▸ **Exercise instructions**
Only the lines from the one containing "RACT12-500 LED Power Supplies" to the end of the data below belong in the answer, each repeated exactly; no pictures.

▸ **Information supplied**

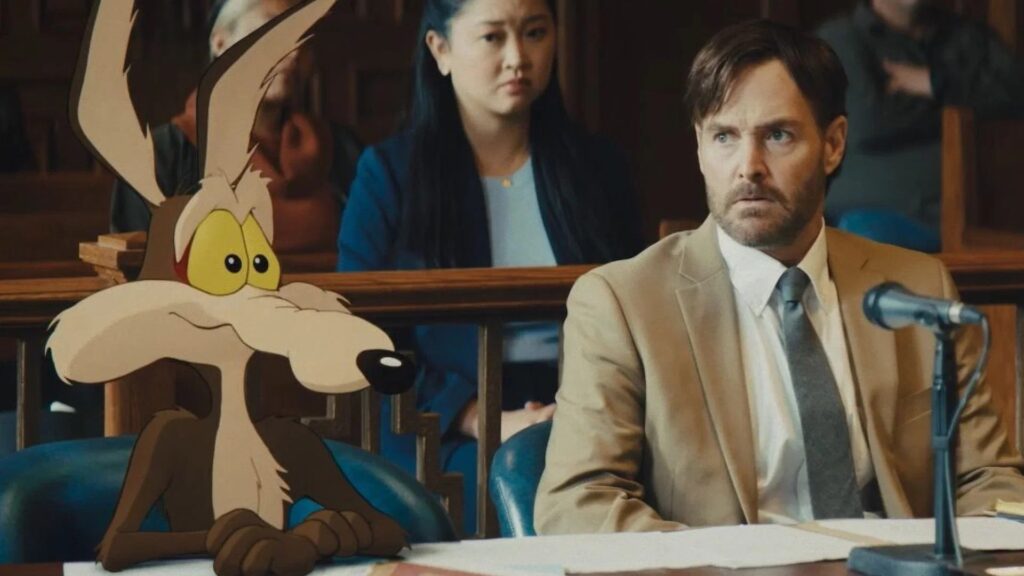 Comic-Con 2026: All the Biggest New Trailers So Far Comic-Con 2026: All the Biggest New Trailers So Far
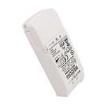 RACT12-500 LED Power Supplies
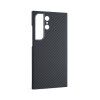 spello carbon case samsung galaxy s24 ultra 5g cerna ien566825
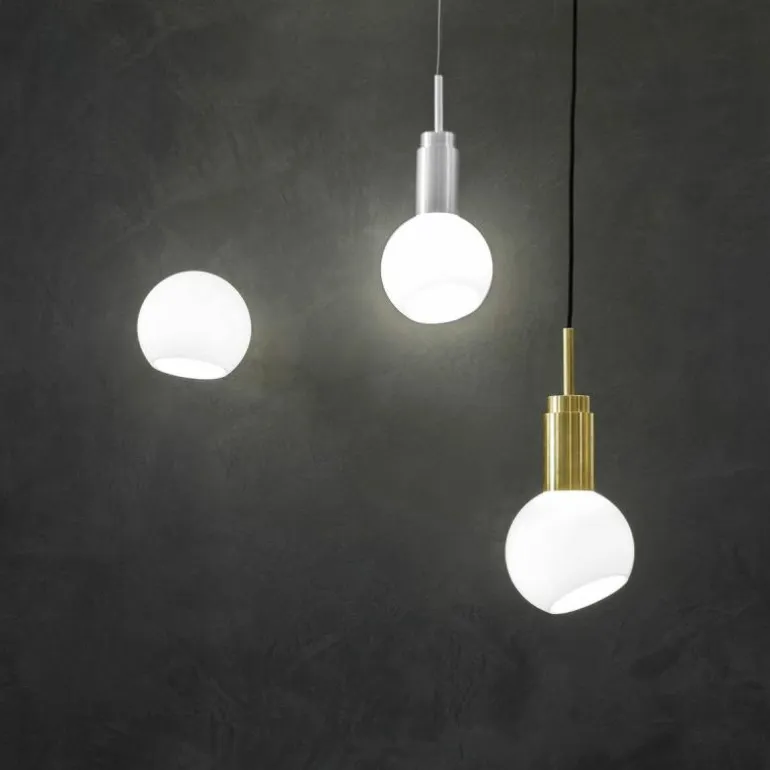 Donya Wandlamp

▸ **Reply**
 RACT12-500 LED Power Supplies
 spello carbon case samsung galaxy s24 ultra 5g cerna ien566825
 Donya Wandlamp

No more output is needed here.